Ceilometer/blueprints/remove-ceilometer-nova-notifier

< Ceilometer‎ | blueprints
Revision as of 11:59, 23 October 2013 by Sileht (talk | contribs) (Created page with "=== Context === Ceilometer retrieves different meters from every openstack component. For nova instances meters, some of them are retrieved by polling the nova-compute drive...")
(diff) ← Older revision | Latest revision (diff) | Newer revision → (diff)

Context

Ceilometer retrieves different meters from every openstack component.

For nova instances meters, some of them are retrieved by polling the nova-compute driver (ie: libvirt or hyperv for now), and some other by reading the nova notification on rpc :

The meters retrieved with the polling system are:

  • cpu
  • disk.read.requests
  • disk.read.bytes
  • disk.write.requests
  • disk.write.bytes
  • instance
  • instance:<flavor_name>
  • network.incoming.bytes
  • network.incoming.packets
  • network.outgoing.bytes
  • network.outgoing.packets


For instance and instance:<flavor_name> is retrieved by rpc too, so we don't care of it for the rest of the BP

Problem

The pollster run on every nova-compute node to connect to libvirt or hyperv.
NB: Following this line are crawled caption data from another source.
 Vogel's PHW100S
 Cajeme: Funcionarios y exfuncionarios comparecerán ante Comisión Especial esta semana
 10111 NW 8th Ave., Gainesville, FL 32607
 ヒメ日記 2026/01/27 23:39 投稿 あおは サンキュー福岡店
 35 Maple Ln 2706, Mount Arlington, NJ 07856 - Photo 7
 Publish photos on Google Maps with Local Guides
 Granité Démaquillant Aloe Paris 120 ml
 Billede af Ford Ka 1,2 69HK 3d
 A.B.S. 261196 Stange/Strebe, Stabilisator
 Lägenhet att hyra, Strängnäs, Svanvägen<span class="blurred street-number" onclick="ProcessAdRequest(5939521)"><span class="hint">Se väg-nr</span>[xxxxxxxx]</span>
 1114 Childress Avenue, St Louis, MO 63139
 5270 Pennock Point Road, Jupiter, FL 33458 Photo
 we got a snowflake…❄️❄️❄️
When we delete an instance, we need to retrieve the pollster meters one last time to have the lastest samples of the meters for billing.
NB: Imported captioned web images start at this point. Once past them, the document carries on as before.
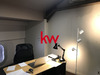 Ma-Cabane - Location Local commercial Clermont-Ferrand, 346 m²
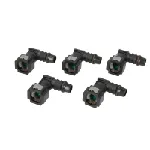 Spojnica goriva ENGITECH ENT120087 IC-G04U7Q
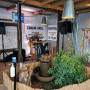 Zamani Grill - Calitzdorp Image 16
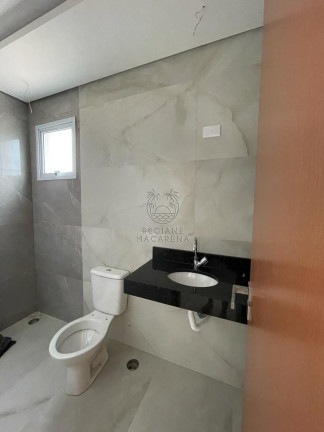 Imagem Cobertura com 3 Quartos à Venda, 150 m² em Toninhas - Ubatuba Imagem Cobertura com 3 Quartos à Venda, 150 m² em Toninhas - Ubatuba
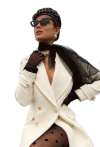 LD-model-1513.png
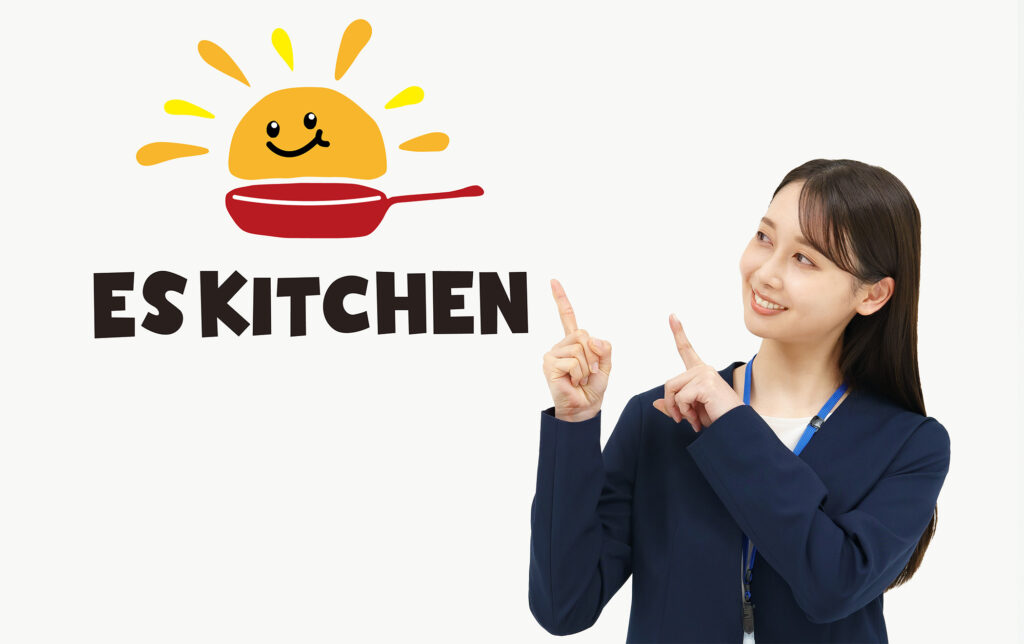 福利厚生費のポイントを抑えて最適プランでの運用がオススメ★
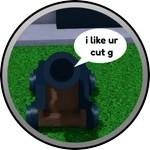 Game Badge Thumbnail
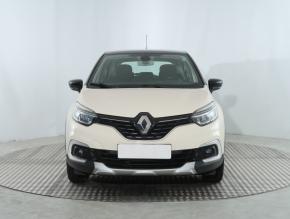 Renault Captur  1.2 TCe 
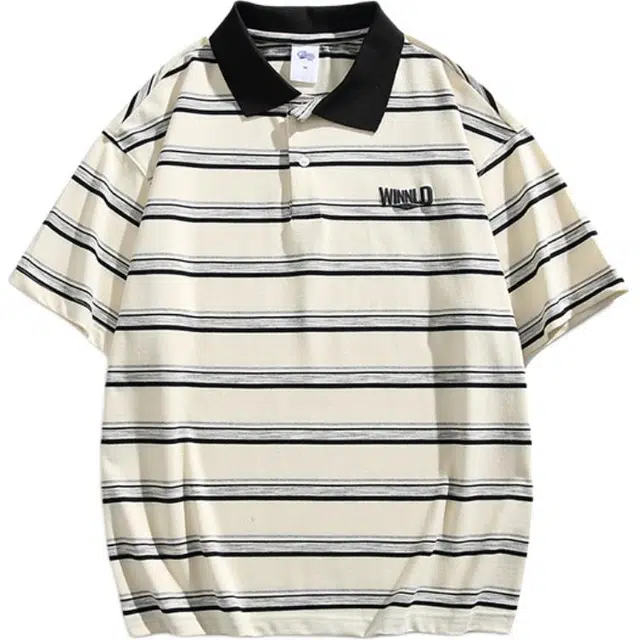 NTED Polo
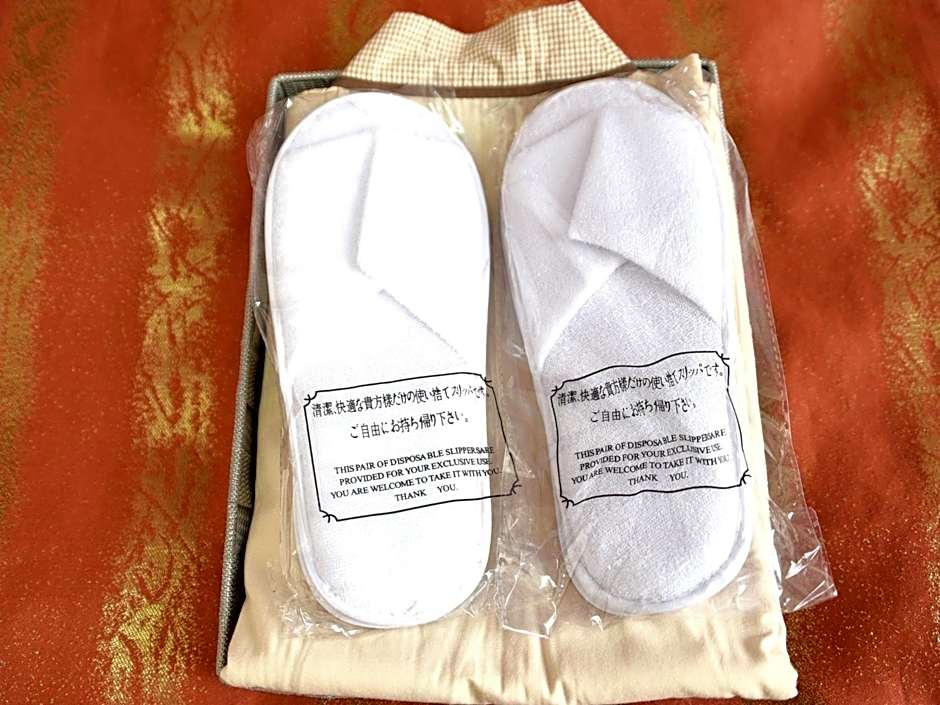 WEB Hotel Tokyo Asakusabashi / Vacation STAY 8770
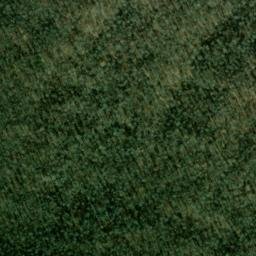 Satellite imagery of Jackson Point, US
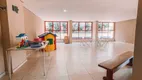 Foto 25 de Apartamento com 4 Quartos à venda, 147m² em Vila Itapura, Campinas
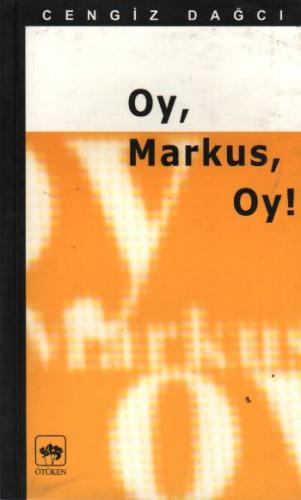 Kurye Kitabevi - Oy Markus Oy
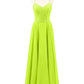 Lime Green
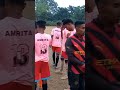 Kisi Bhi Lakshya Ko Paane Ke Liye Planning Jaruri Hai Mere Dost /#footballermahadeb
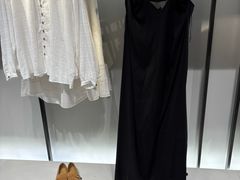 -ZARA(成都远洋太古里店)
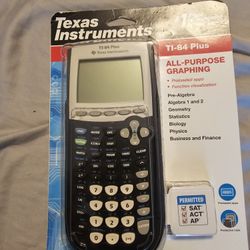 Calculator 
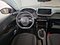 preview Peugeot 208 #4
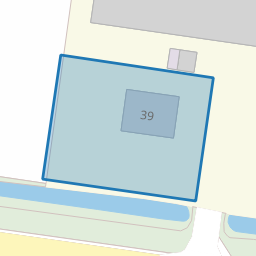 Perceel KGL02-R-482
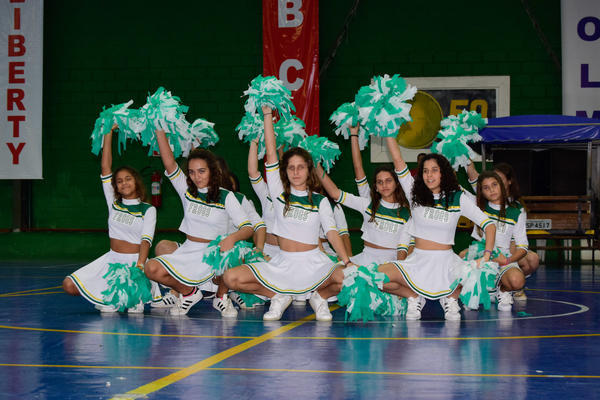 Buy your photos of the eventNR2 - Friendship Festival - 23 a 28/05/17 on Fotop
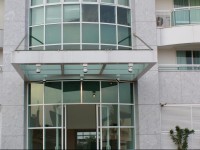 Biarritz Hplus Long Stay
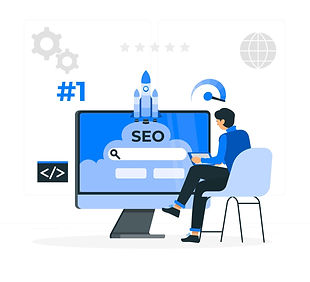 13549607_5287968 (1).jpg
But the pollster can't know when the instance is deleted, this is a dump periodic tasks.

A nova notifier has been written in ceilometer that catch only 'compute.instance.delete.start' notification to build an other one 'compute.instance.delete.samples' that contains one last sample of each pollster meters.

This code in ceilometer depends of internal nova code/data format/..., it is very difficult to maintain this in ceilometer and it is often broken.


Solution

On the nova.virt.driver part

Interesting nova.virt.driver API methods (implemented by):

  • interface_stats() (libvirt), could be used for network.* meters
  • block_stats() (libvirt), could be used for disk.* meters
  • get_all_volume_usage() (libvirt), could be used for disk.* meters
  • get_all_bw_counters() (xenapi), could be used for network.* meters
  • get_info() cpu_time field (libvirt, hyperv, powervm), could be used for cpu meter


The problematic meters are supported by Ceilometer in libvirt and hyperv only. So to keep the same functionality, the methods above must be implemented for both these drivers.
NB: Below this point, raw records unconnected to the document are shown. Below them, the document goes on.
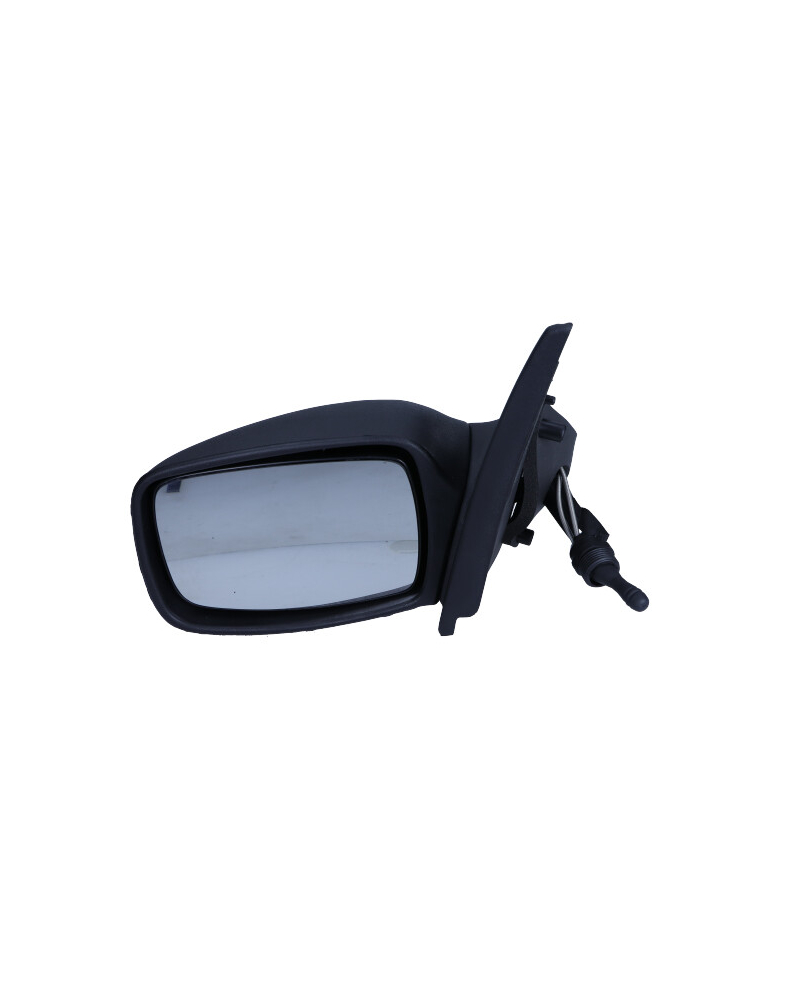 ALKAR WKŁAD LUSTERKA FORD ESCORT VI 01.95-06.01 LE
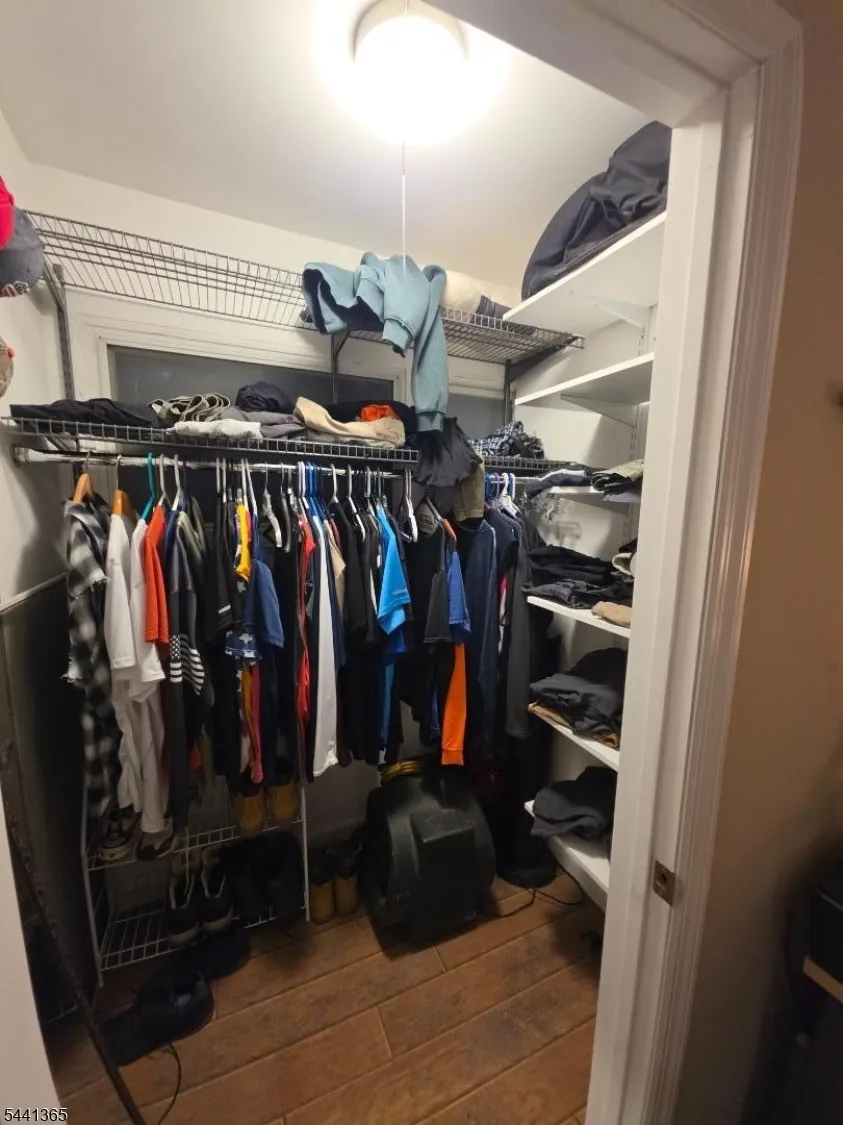 822 Mountain Ave Bridgewater, NJ 08807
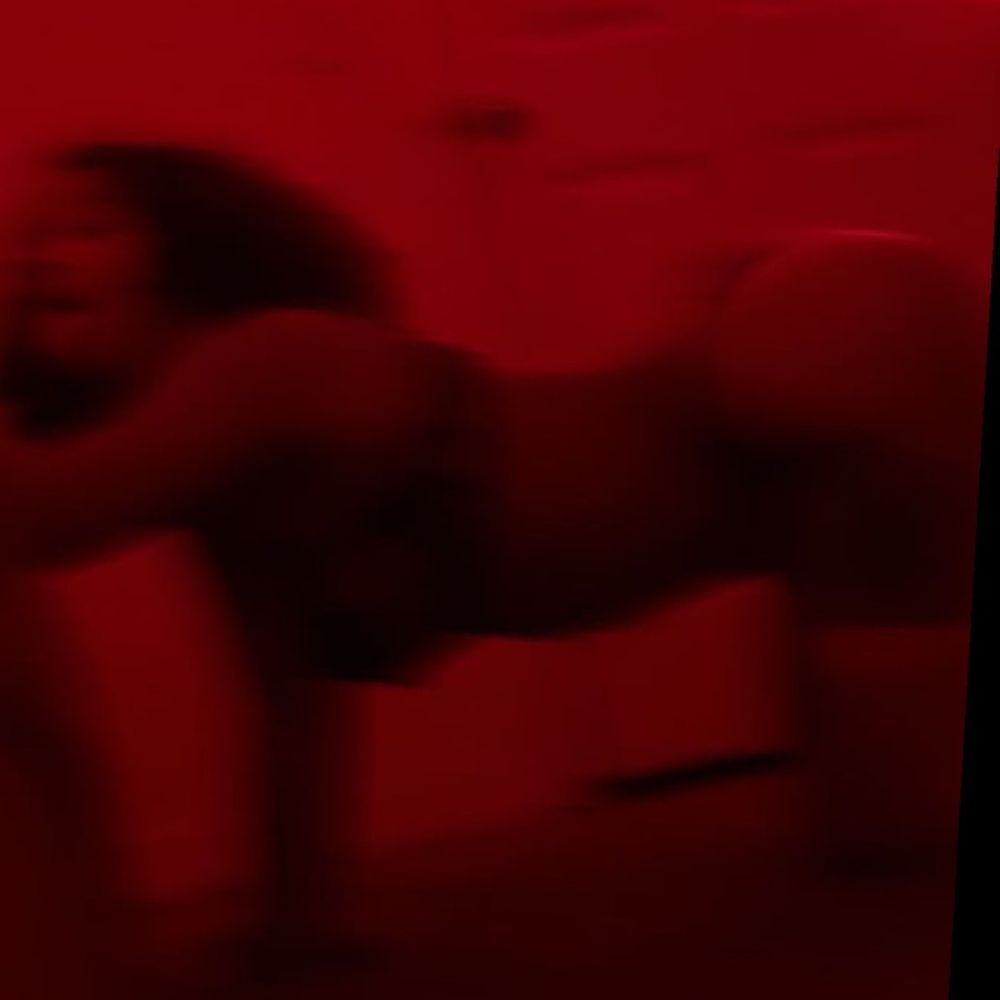 mrs.drako OnlyFans profile picture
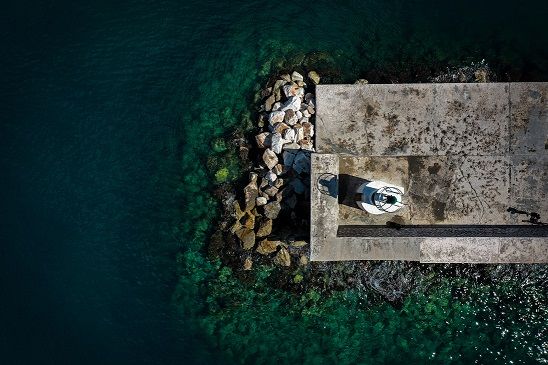 Οι 20 φωτογραφίες που διακρίθηκαν στον διαγωνισμό φωτογραφίας «Ο δικός μου Άλιμος»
The current ceilometer code can be reused to implement these API methods.

On the nova.manager part

If configured (CONF.bandwidth_poll_interval and CONF.volume_usage_poll_interval), polling tasks already exists to cache the result of get_all_volume_usage/get_all_bw_counters of the drivers

So, we need to write a polling tasks for the cpu usage.

The actual 'instance.exists' notification can add the volume and cpu usage to the notification (like it does for the bw)

And when a instance is deleted, we need to update all usage caches (volume/bw/cpu) and then:

  • Sent a notification 'instance.delete.start' with extra informations like 'instance.exists' does.
  • Or just notify 'instance.exists' one last time, just before 'instance.delete.start'.


On the ceilometer part

We just need to write the consumer part of these new informations in the notification message like other meter that come from notification.